Вместе с историческим развитием нравственность буржуа постепенно теряет свои отдельные положительные моменты. Ее, по меткому выражению Гегеля, как бы остав­ляет «дух истории». Социальная практика правящего класса, казалось, подтверждала пессимистические представления о «порочной» природе человека: «меняется все—одежда, язык, манеры, понятия о религии, порою даже вкусы, но человек всегда зол, непоколебим в своих порочных наклонностях и равнодушен к добродетели»[4,225]. Храбрость, верность, честь — эти и другие моральные установления становятся чисто формальными, теряют живую связь с историческим развитием. Феодальная мораль выхолащивается, приобретая характер требования этикета, внешнего «приличия». Хороший тон, мо­да, манеры формализуют аристократическую нравственность. Честь становится чисто формальным по содержанию мораль­ным принципом. Этот характер аристократического мораль­ного кодекса был жестоко высмеян в период назревавших буржуазных революций. Во французской буржуазной рево­люции М. Робеспьер, например, требовал заменить честь — честностью, власть моды—властью разума, приличия—обя­занностями, хороший тон — хорошими людьми и т. п.[6,59]. «Ли­цемерие есть дань, которую порок платит добродетели», — с сарказмом отмечал Лабрюйер наблюдая нравы фран­цузской аристократии. Там, где аристократическая мораль сохранилась до наших дней, косный и формальный характер ее норм особенно очевиден[4,231].

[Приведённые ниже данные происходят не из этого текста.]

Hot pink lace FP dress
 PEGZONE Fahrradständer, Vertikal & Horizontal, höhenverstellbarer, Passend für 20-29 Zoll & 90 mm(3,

Двойственный характер моральных норм буржуа исто­рически выступал довольно открыто, без прикрас. Это накла­дывало отпечаток и на те аристократические «добродетели», которыми впоследствии восхищались реакционные романти­ки, идеализировавшие нравственность. Проница­тельный Лабрюйер понял это, остроумно сформулировав горький афоризм: «Наши добродетели—это чаще всего искусно переряженные пороки»[4,252]. Особенно лицемерно было поведение духовных феодалов, вынужденных в силу необхо­димости проповедовать «христианские добродетели». Пропо­ведуя бескорыстие, они отличаются исключительным сребро­любием, восхваляя умеренность и умерщвление плоти, пре­даются обжорству и стремятся к роскоши; проповедуя воз­держание-развратничают; требуя искренности—лгут и обманывают.